(Captioned web image data)
Content starts
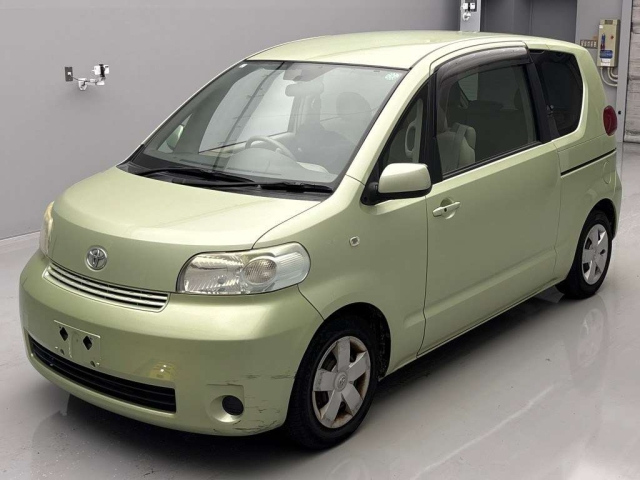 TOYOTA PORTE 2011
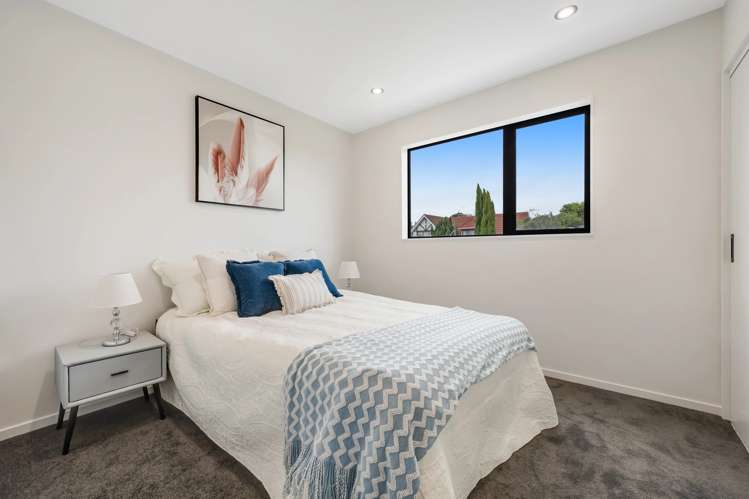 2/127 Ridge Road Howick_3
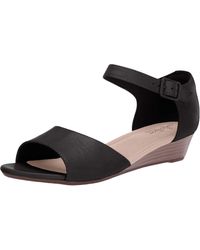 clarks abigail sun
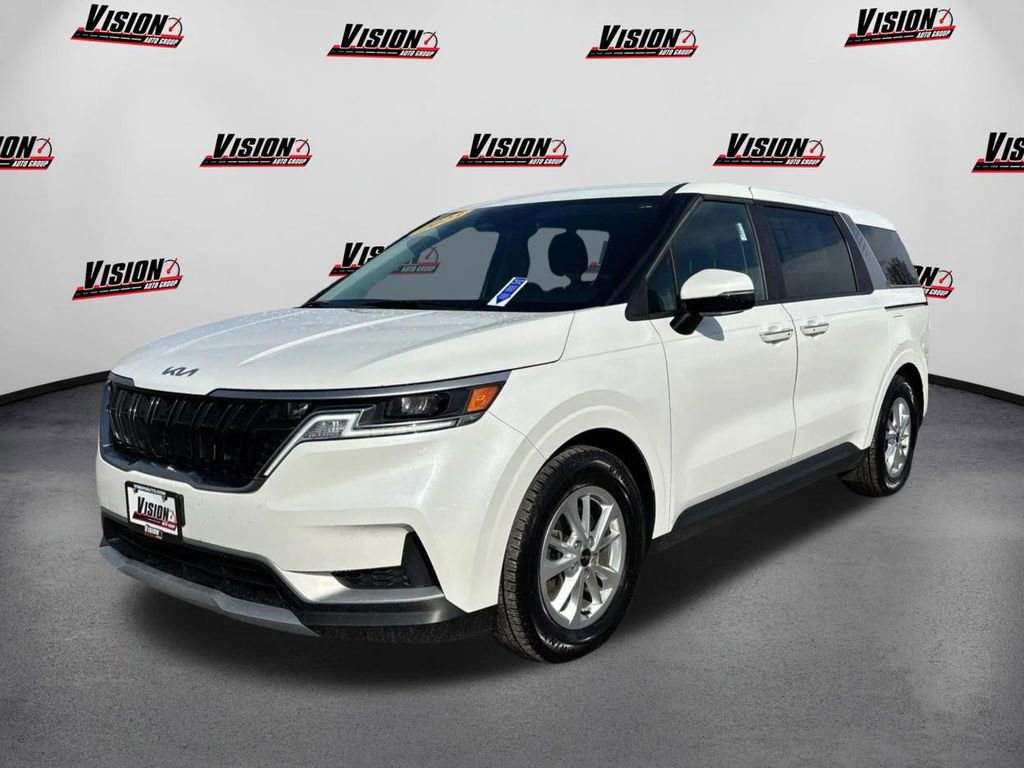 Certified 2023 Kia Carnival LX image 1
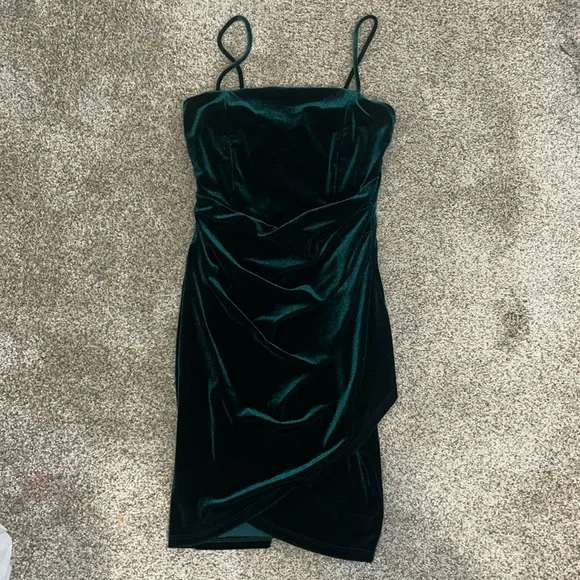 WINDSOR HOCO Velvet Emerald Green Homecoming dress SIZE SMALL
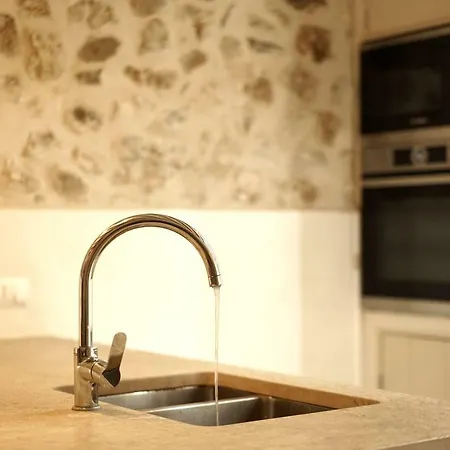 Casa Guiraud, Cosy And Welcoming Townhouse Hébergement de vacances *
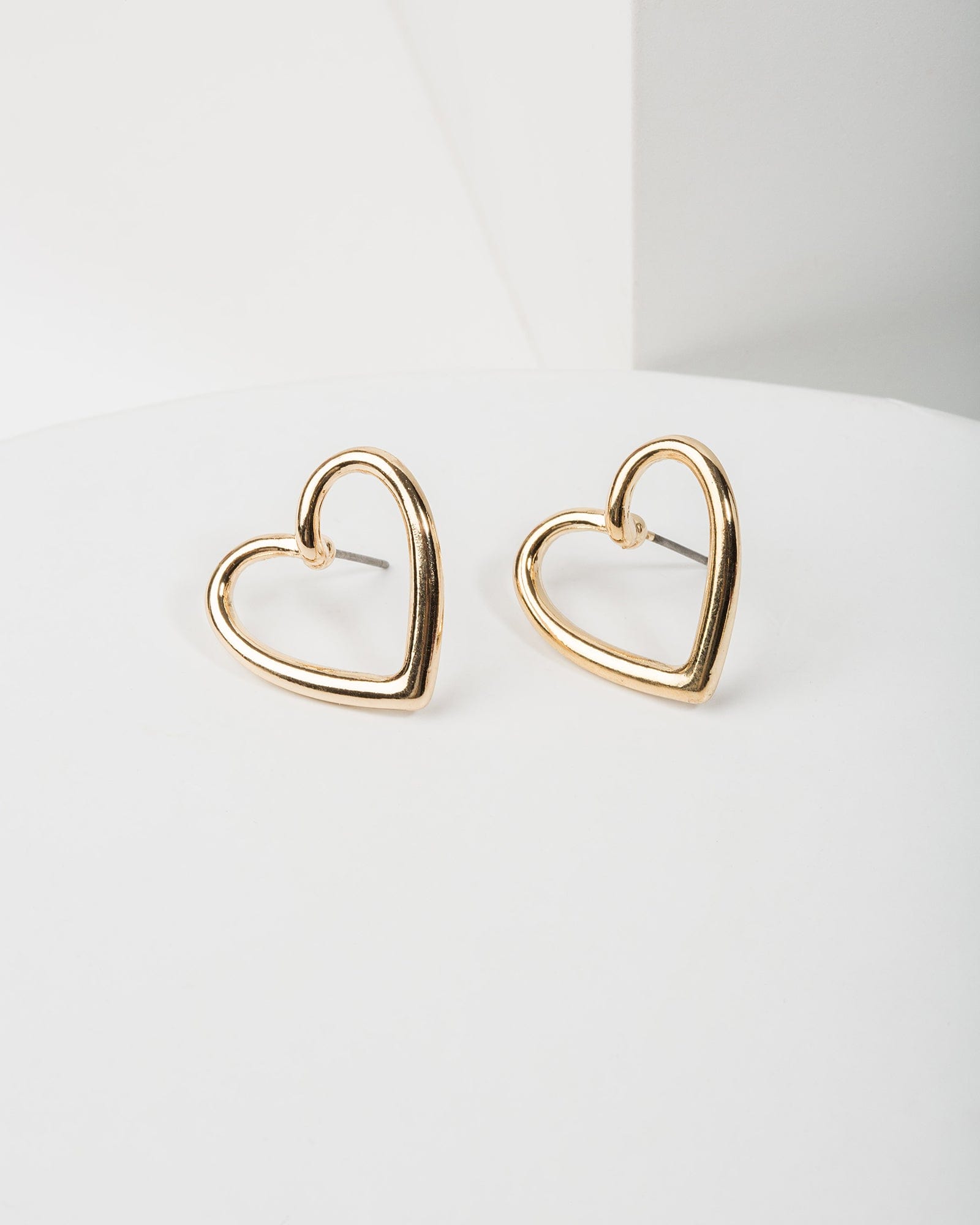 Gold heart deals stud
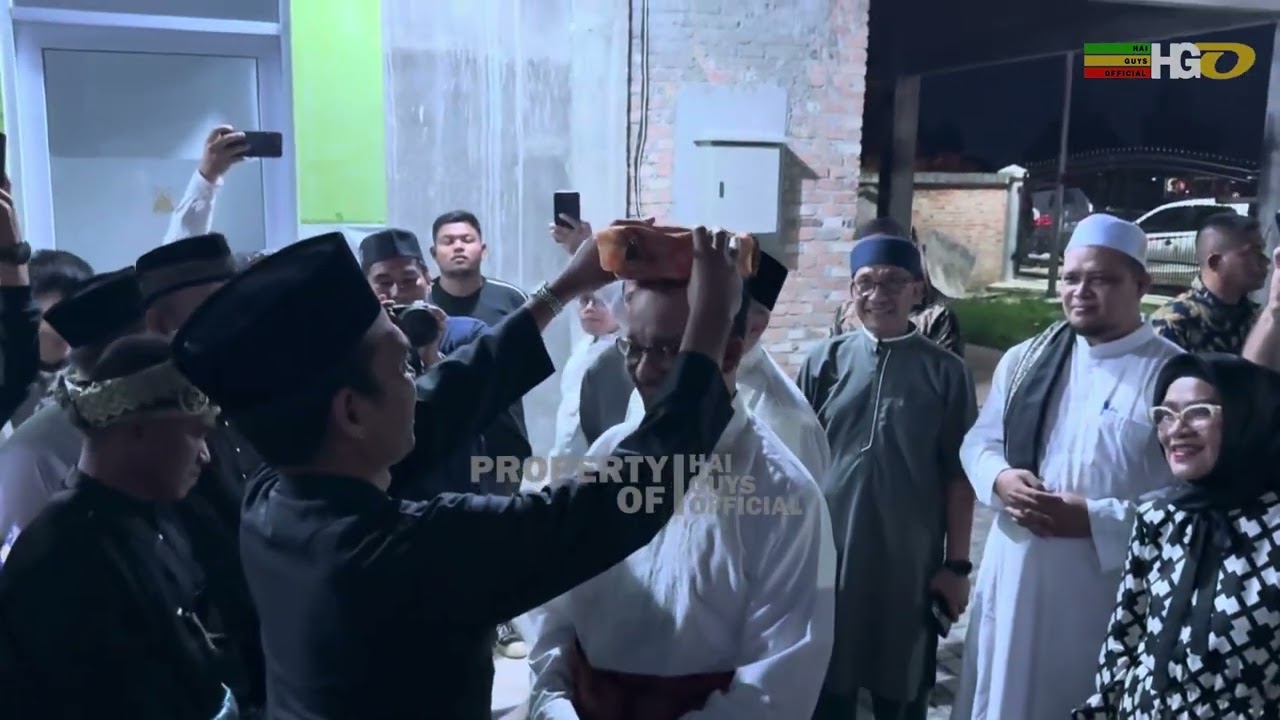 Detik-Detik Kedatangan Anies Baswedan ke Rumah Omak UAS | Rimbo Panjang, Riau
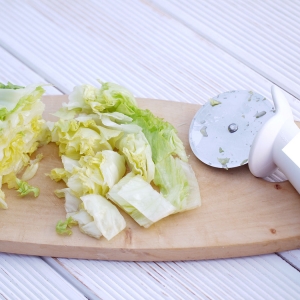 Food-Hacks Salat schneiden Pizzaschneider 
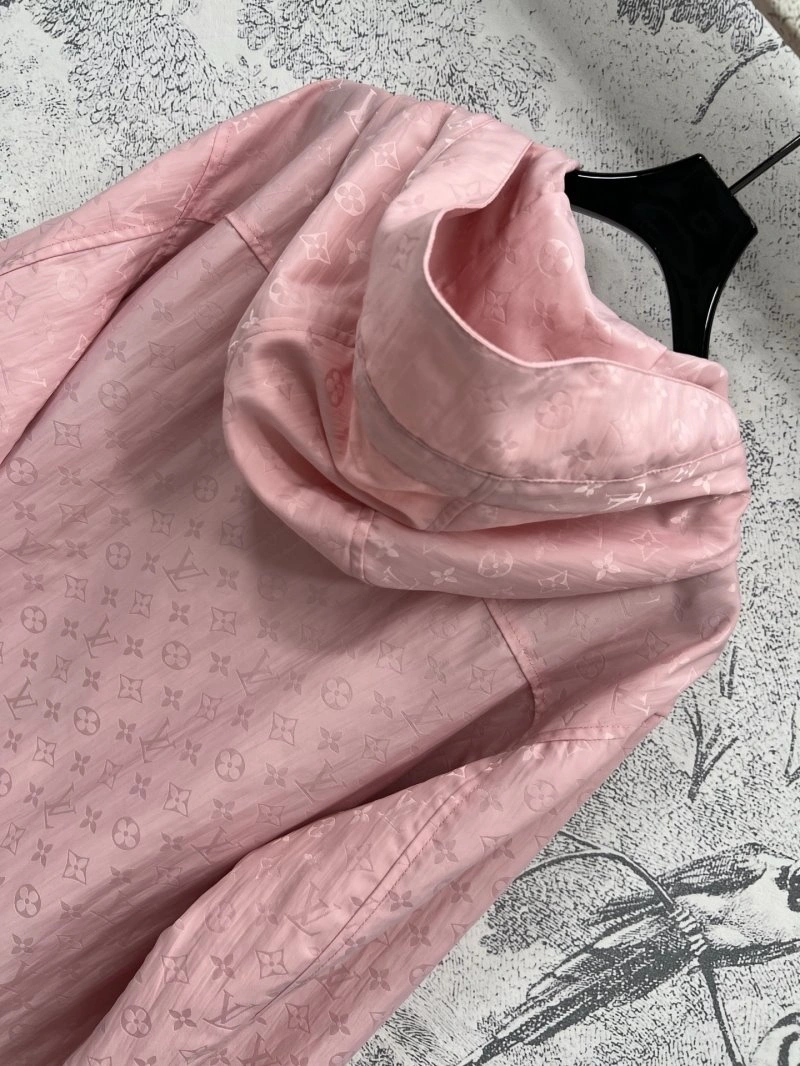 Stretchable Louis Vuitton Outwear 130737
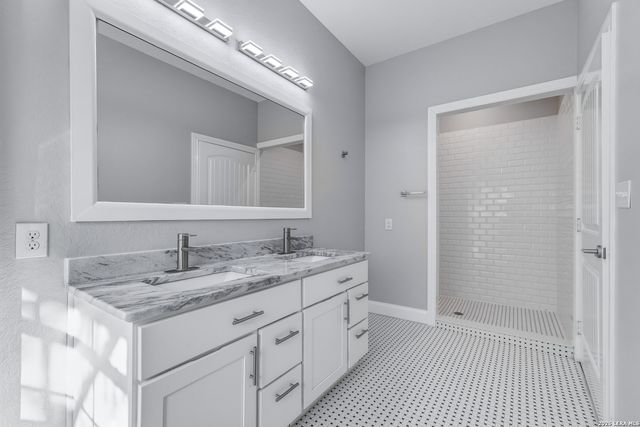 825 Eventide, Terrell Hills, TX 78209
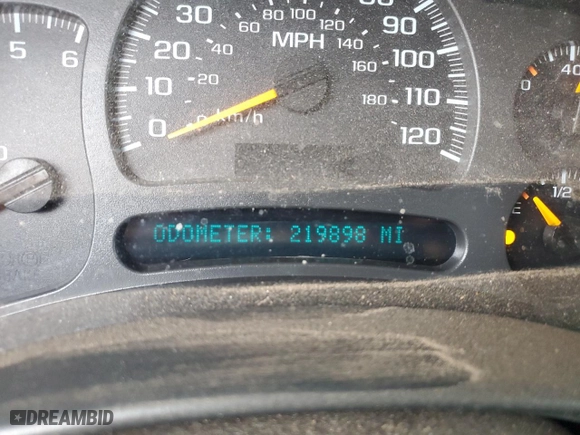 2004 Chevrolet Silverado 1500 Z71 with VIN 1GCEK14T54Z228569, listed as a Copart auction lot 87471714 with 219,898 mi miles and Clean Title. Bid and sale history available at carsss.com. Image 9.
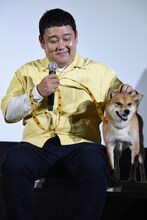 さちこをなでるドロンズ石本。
Content ends
◆ **TASK ITEM**: The goal is an exact reprint of the entries, leaving out the pictures.

◆ **RESPONSE**:
 TOYOTA PORTE 2011
 2/127 Ridge Road Howick_3
 clarks abigail sun
 Certified 2023 Kia Carnival LX image 1
 WINDSOR HOCO Velvet Emerald Green Homecoming dress SIZE SMALL
 Casa Guiraud, Cosy And Welcoming Townhouse Hébergement de vacances *
 Gold heart deals stud
 Detik-Detik Kedatangan Anies Baswedan ke Rumah Omak UAS | Rimbo Panjang, Riau
 Food-Hacks Salat schneiden Pizzaschneider 
 Stretchable Louis Vuitton Outwear 130737
 825 Eventide, Terrell Hills, TX 78209
 2004 Chevrolet Silverado 1500 Z71 with VIN 1GCEK14T54Z228569, listed as a Copart auction lot 87471714 with 219,898 mi miles and Clean Title. Bid and sale history available at carsss.com. Image 9.
 さちこをなでるドロンズ石本。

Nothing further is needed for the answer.